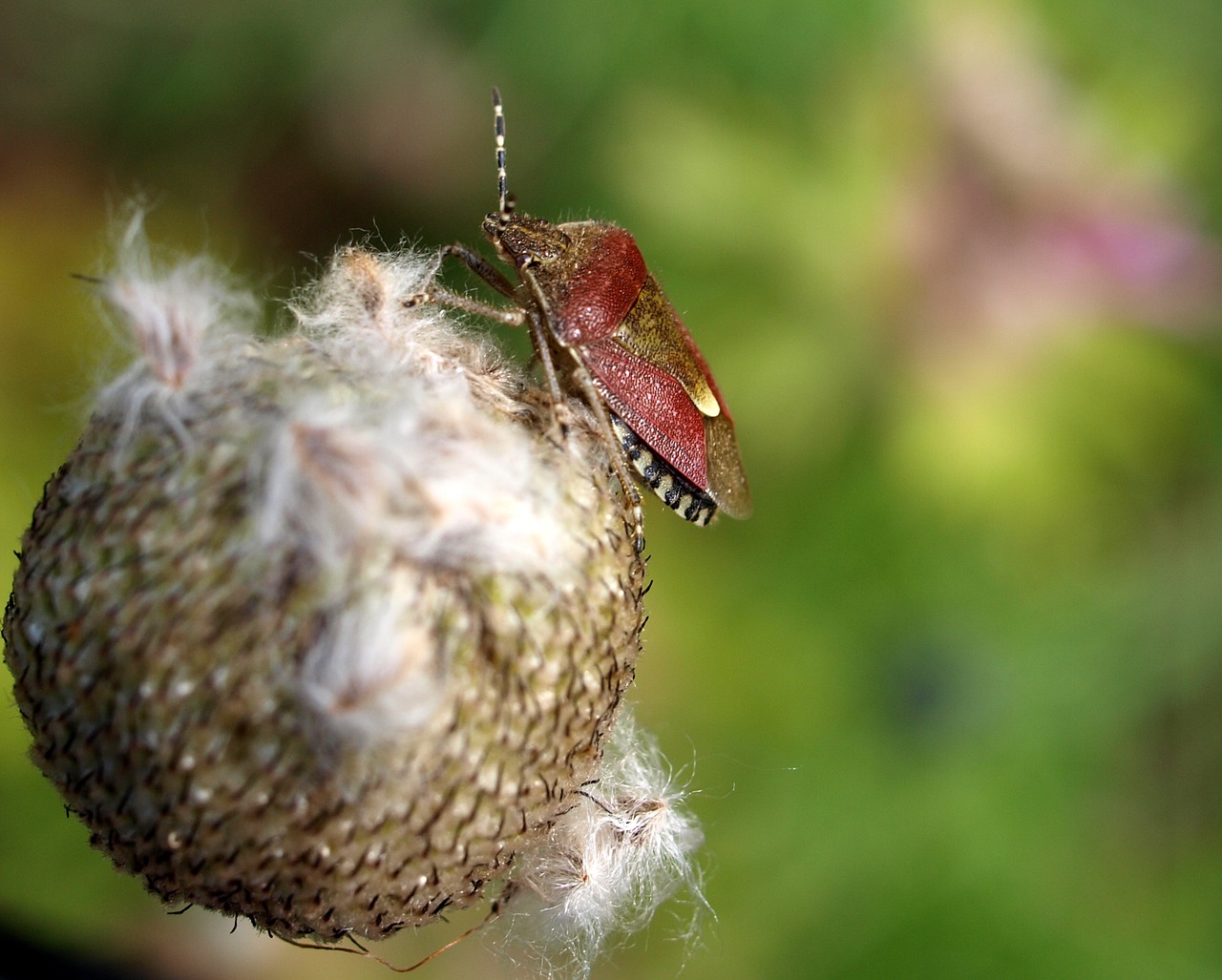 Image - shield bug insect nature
...
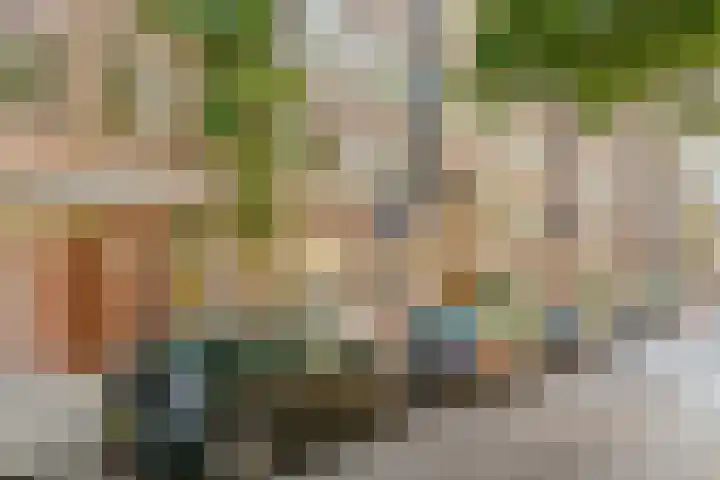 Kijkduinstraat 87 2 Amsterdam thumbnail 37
---
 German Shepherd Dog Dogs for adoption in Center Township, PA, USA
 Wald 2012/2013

- WHAT THE TASK ASKS
Please output the lines of the listing above that fall in the stretch from the one with "German Shepherd Dog" through the one with "Wald 2012/2013", exactly and only those.

- WRITTEN RESPONSE
 German Shepherd Dog Dogs for adoption in Center Township, PA, USA
 Wald 2012/2013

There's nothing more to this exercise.